Okay, showing some of the other side, this cartoon by Ben Garrison is also presented without further commentary.
Tuesday, February 27, 2018
The 2017 Jeopardy! Tournament of Champions kicked off in a big way on the November 6, 2017 episode with three previous multiple winners facing off. And sure enough, Oz showed up, too. In the Double Jeopardy! round, the $800 clue in the category Writers Who Self-Published was this:
And in case you're wondering, the book in question is The Art of Decorating Dry Goods Windows and Interiors, a collection of much of Baum's work in the professional journal he edited, The Show Window. This is a book that's on my bucket list of Oz items to get, but somehow I doubt I'll ever actually be able to afford one unless someone puts out a reprint edition.
Saturday, February 24, 2018
A little short one from the 1989 issue of Oziana, and not really even one that fits the issue's theme of Oz movies. This is a version of The Wizard of Oz retold by Roger Phillips, with illustrations by Chris Sterling. Dorothy lives with Uncle Henry, who is a custodian at New York City's biggest magic store. A witch comes in and traps Dorothy in one of the magic cabinets, which then takes her to Oz. She meets the Good Witch of the North and the Munchkins, they send her to the Emerald City—and that's it! I suspect this was the first part of what was going to be a longer work, but for whatever reason this is all that was ever published. It's cute, and Sterling's pictures are great. He gives Dorothy a nice modern spin without looking too much of a particular time.
Friday, February 23, 2018
Monday, February 19, 2018
Hmm, today's edition of Poptropica is starting to look less like it's about Oz. But they're on the witch's broom, so I'll keep it going for a bit longer, at least. And that island looks like it could be in a weirdly updated version of Mo or Merryland.
Saturday, February 17, 2018
The second story from the movie themed 1989 edition of Oziana is "There's No Place Like Oz" by Chuck Sabatos, with illustrations by Eric Shanower, and it's another meta one! Dorothy and Toto go out and visit her old house, when she gets clonked on the head by a window shade and has a weird dream. She wakes up, looks in the mirror, and sees a different person. This version of Dorothy has dark hair, worn in pigtails, and is a little older. She doesn't recognize Aunt Em or Uncle Henry, Toto looks a little different and can't talk, and there are three farmhands working on the farm she's never met before named Huck, Hickory, and Zeke. Then an old lady named Miss Gulch comes cycling up to the farm demanding to take Toto away. Needless to say, Dorothy rebels at this different version of her life, and eventually wakes up in her own room in the Emerald City, surrounded by her friends and family. Needless to say, she's never going to leave Oz again!

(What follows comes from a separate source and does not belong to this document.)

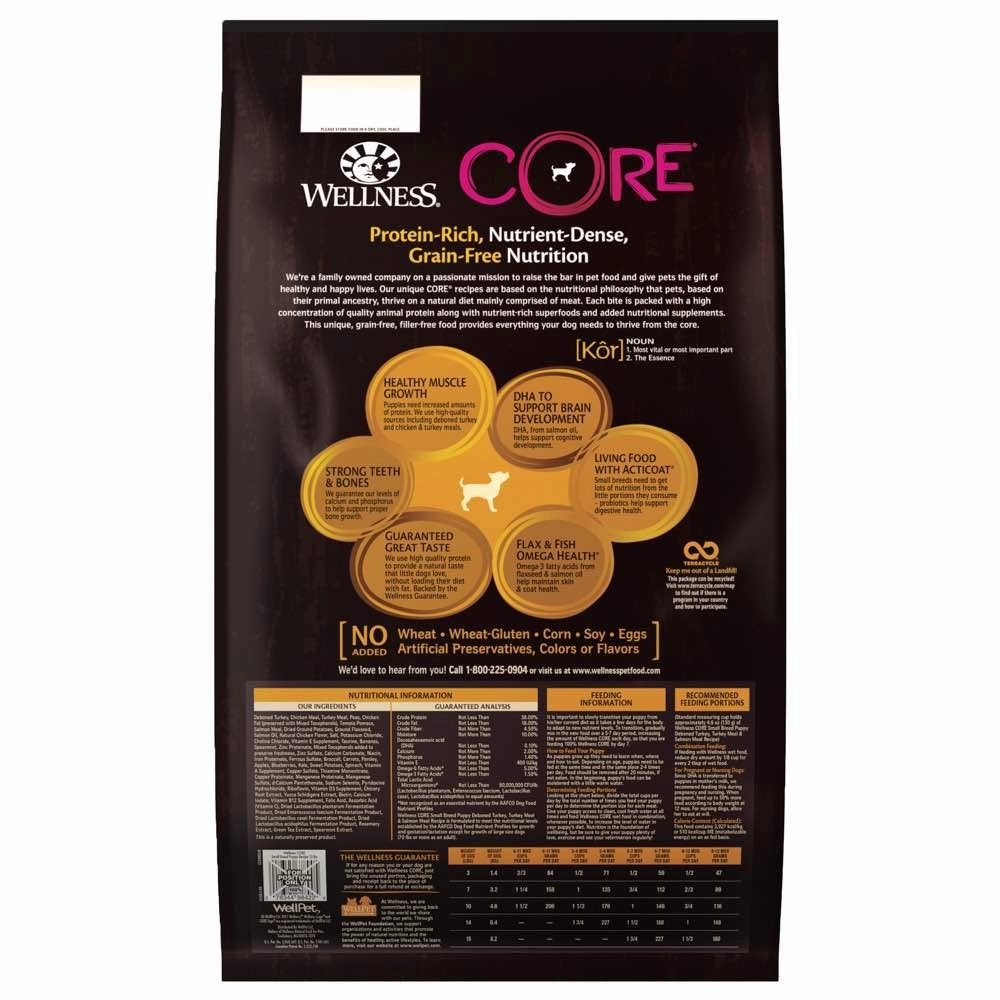 $26 OFF 12lb(Exp 1Nov25) FREE FD TREATS: Wellness CORE Grain-Free Small Breed Puppy Dry Dog Food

As fun as the story is, the real star here is Shanower's illustrations. He uses photos of Judy Garland and the other actors from The Movie and alters them in odd ways to show how the real Dorothy must feel. The final picture, however, is in his traditional Neill-inspired style, evoking the end of The Movie with Dorothy waking in her bed in Kansas, only this is the real Oz equivalent.
Friday, February 16, 2018
Wednesday, February 14, 2018
It's a two-fer today:
Monday, February 12, 2018
When I saw the categories for the Jeopardy! round in the November 2, 2017 game, I thought for sure that there'd be an Oz clue in Literature for the Young. But no, it instead came in Entertainment Tonight Travels Through Time, in which Kevin Frazier and Nancy O'Dell of ET cover historical entertainment stories as if they were on the show today. So, here's their clue for $400, selected by current defending champion Jenny:
As you can see, Jenny got it right. However, she ultimately lost the game in a squeaker and came a close second.